Updated: Jan 16, 2021
The story of Sam Houston is one of an early American Statesmen. Statesmen. Not usually a term you hear thrown around today. It fits Houston pretty well one would reckon. I suppose the question should then be what made this man a statesman? For this, a simple biography will be provided.
Born in Rockbridge County, Virginia, on March 2, 1793, Houston would arise among his seven siblings as the most famous. He would leave his home at the age of 16 to live amongst the Cherokee in Tennessee, and spend nearly three years amongst them. Herein, he learned the language and earned the name Black Raven. He served in the U.S Army during the War of 1812, where he participated in the Southwestern campaign against the British-backed Muskeegee (Creek) Tribe. Here he was grievously wounded at the Battle of Horseshoe Bend. After the Creek War, he acted as a subagent for the U.S Government for the removal of the Cherokee from Tennessee in 1817.

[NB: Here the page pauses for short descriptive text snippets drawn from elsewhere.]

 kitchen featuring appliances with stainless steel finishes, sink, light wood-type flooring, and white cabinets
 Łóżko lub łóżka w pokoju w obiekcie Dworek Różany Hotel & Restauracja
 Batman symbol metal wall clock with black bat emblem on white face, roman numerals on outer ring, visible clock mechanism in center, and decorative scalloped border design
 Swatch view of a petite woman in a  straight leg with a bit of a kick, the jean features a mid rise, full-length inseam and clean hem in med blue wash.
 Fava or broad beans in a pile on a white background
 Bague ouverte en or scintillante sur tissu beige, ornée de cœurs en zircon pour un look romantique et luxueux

Houston would attain his first elected position when he ran unopposed as a Representative for Tennessee, serving from 1823-27. He would become Governor of Tennessee in 1827, but would, in the end, leave office after a failed marriage to one Eliza Allen in 1829. Again he would go to the Cherokee and worked on their behalf to argue for them before the U.S Government as well as to expose fraud practiced by government agents against the Cherokee. During this period he would be formally adopted into the tribe. It was in 1832 that Sam Houston would finally end up in Texas.

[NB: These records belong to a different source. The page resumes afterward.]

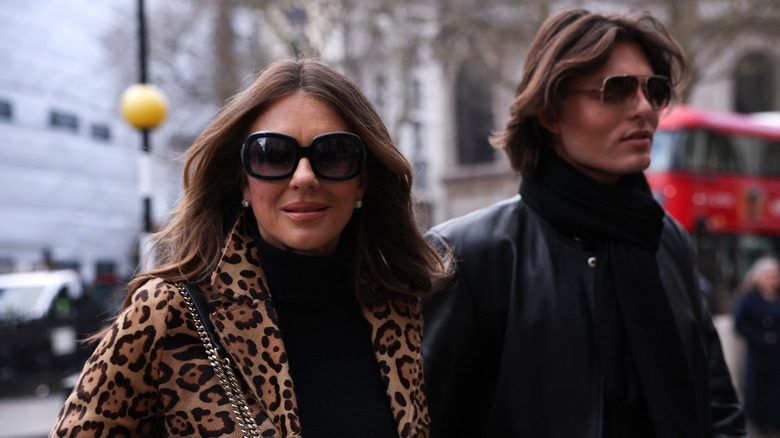 Damian and Elizabeth Hurley leaving court.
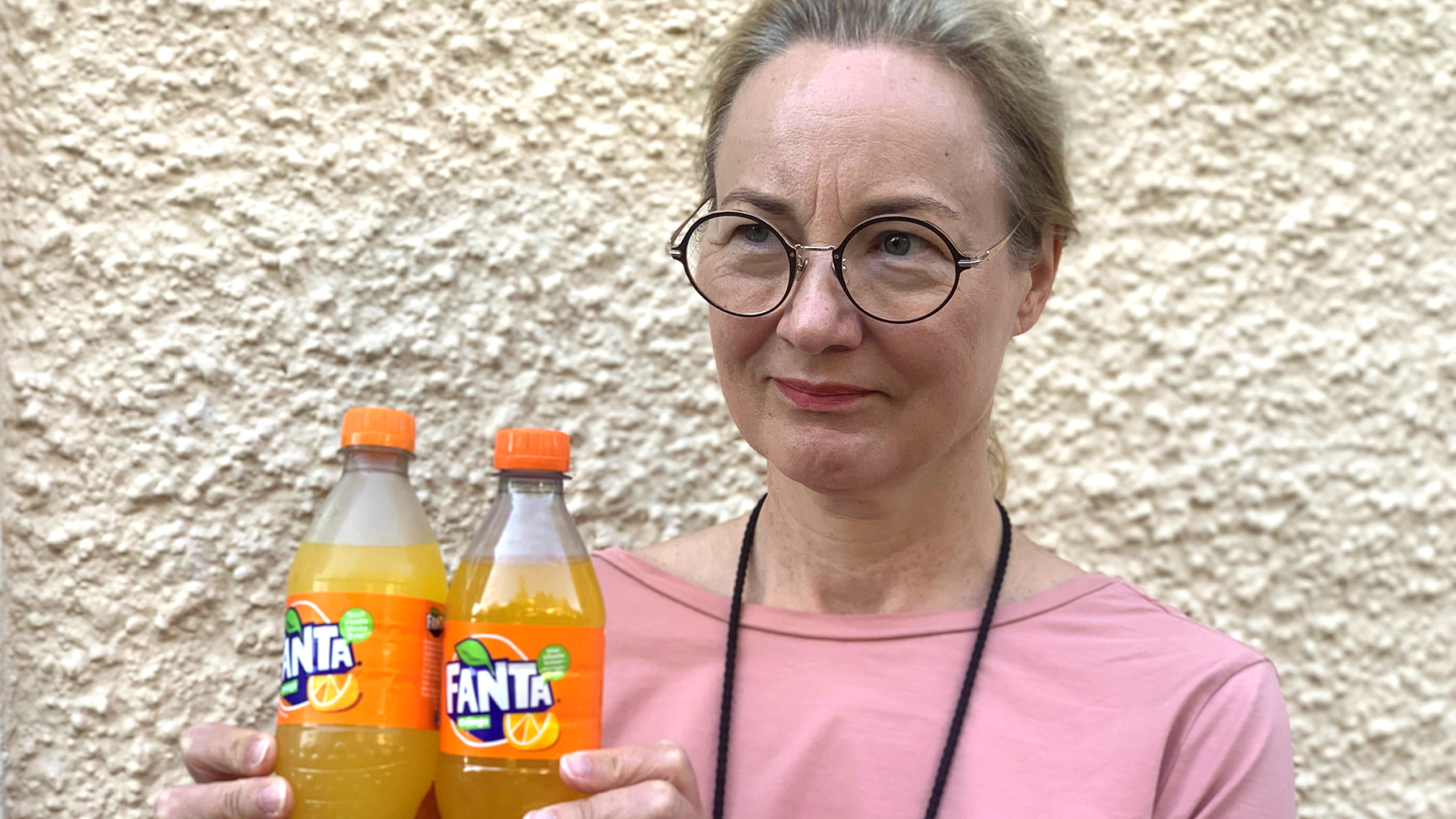 Cancerfondens generalsekreterare Ulrika Årehed Kågström håller upp två flaskor med fanta.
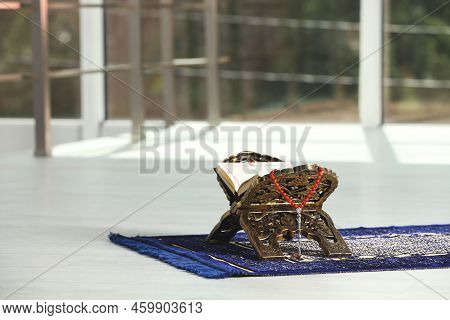 Rehal With Open Quran And Misbaha On Muslim Prayer Rug Near Window Indoors, Space For Text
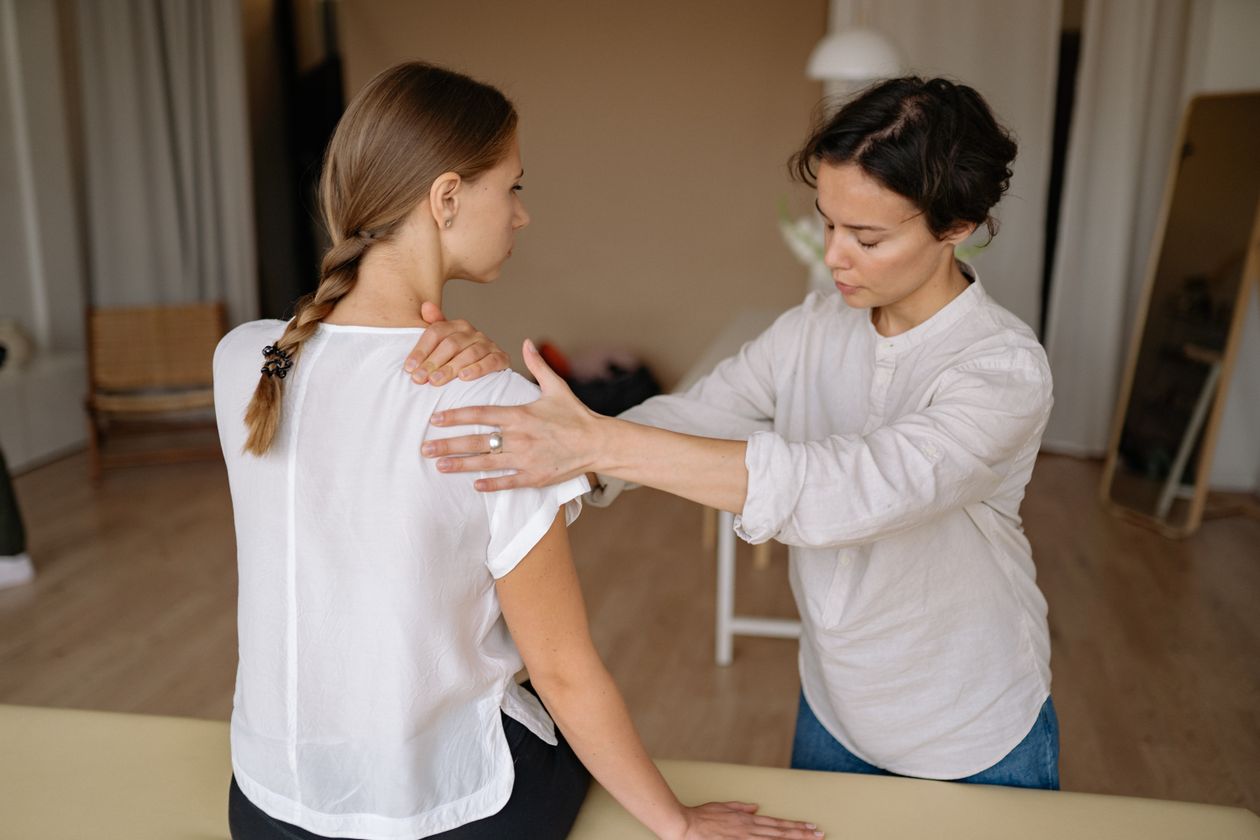 therapist performing shoulder massage on a woman to relieve tension and shoulder pain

Arriving on orders from then Pres. Andrew Jackson to negotiate treaties with Native Tribes in order to protect trade between Texas, then controlled by Mexico, and the United States, Houston would first set foot in Texas in 1832. By 1833 he had established himself fully in Texas and quickly engrained himself in the politics of the region. Of course, the issue of the day is what the majority of Anglo-American residents of Texas should do with the Mexican government?
The Texas of this period was populated primarily by Anglo-American immigrants. This immigration was encouraged by the Mexican government in order to populate this northerly and sparsely populated region, which they were desperate to secure their claim. However, tensions between these settlers and the Mexican government quickly arose, with the demand of Texas statehood and a less restrictive federal government being common complaints. The situation unequivocally changed when the Mexican General Antonio López de Santa Anna, who the Texans had actually supported in hopes of being able to achieve their political goals, took power in 1833 via a coup. By 1835 the Texans had opted for independence.

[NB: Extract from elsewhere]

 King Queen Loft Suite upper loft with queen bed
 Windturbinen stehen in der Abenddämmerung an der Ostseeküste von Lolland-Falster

Sam Houston would come to the fore when in 1835 he was appointed as commander-in-chief of the Texan army. Things did not initially go well for Houston as throughout the winter of 35-36, he was forced to make an extended retreat across Texas with his 900 man army. However, at the Battle of San Jacinto in 1836, the Texans under Houston were able to defeat the numerically superior forces of Santa Anna and ultimately capture him. Herein, Texas would achieve her independence.
From here, Sam Houston would have a long political career serving his adopted home of Texas. The Encyclopaedia Britannica honestly summarizes this best:
This triumph secured Texan independence and was followed by Houston’s election as president (1836–38; 1841–44) of the Republic of Texas. He was influential in gaining the admission of Texas to the United States in 1845. Houston was elected one of the new state’s first two senators, serving as a Union Democrat from 1846 to 1859.
In 1859, Houston would serve his final term as an elected official as the Governor of Texas. This was at a rather bad time in our nation’s history (too put it mildly). Here would be Houston’s finest hour.
The Slave South was threatening secession if the Republican candidate Abraham Lincoln was elected in 1860. Spoiler alert: he was. As the southern States began one by one to secede, Houston took the painful position of standing against Texas’ secession. He urged his fellow Texans not to heed the siren song of secession. His words were not heeded. After he refused to swear his loyalty to the Confederacy, he was deposed in 1861. Barely two years later, Houston would die in his Huntsville, Texas home.
So why should we call this man a statesman? Well, if it were not obvious from this brief summation of his life, the man got around. He was there when events happened and he helped shape those events and, thus, shaped American history. But this, to this author, seems to be the least of his qualities. He seemed to truly love his home in Texas, as evidenced by the fact that he never openly sided with the Union and in fact eventually agreed to stand with the Confederacy. He did not waver with the political winds, and for this became the bedrock for the politics of the Lone Star State. The greatest summation of the man can be seen on his tomb in Huntsville, Texas. It reads:
A Brave Soldier. A Fearless Statesman.
A Great Orator—A Pure Patriot.
A Faithful Friend, A Loyal Citizen.
A Devoted Husband and Father.
A Consistent Christian—An Honest Man.
“Sam Houston.” Encyclopædia Britannica, Encyclopædia Britannica, Inc., www.britannica.com/biography/Sam-Houston.
“History.” Encyclopædia Britannica, Encyclopædia Britannica, Inc., www.britannica.com/place/Texas-state/History#ref79045.
(As a note about the inscription on Houston’s tomb, I am unable to find a source for it, however, I am reasonably confident it exists.)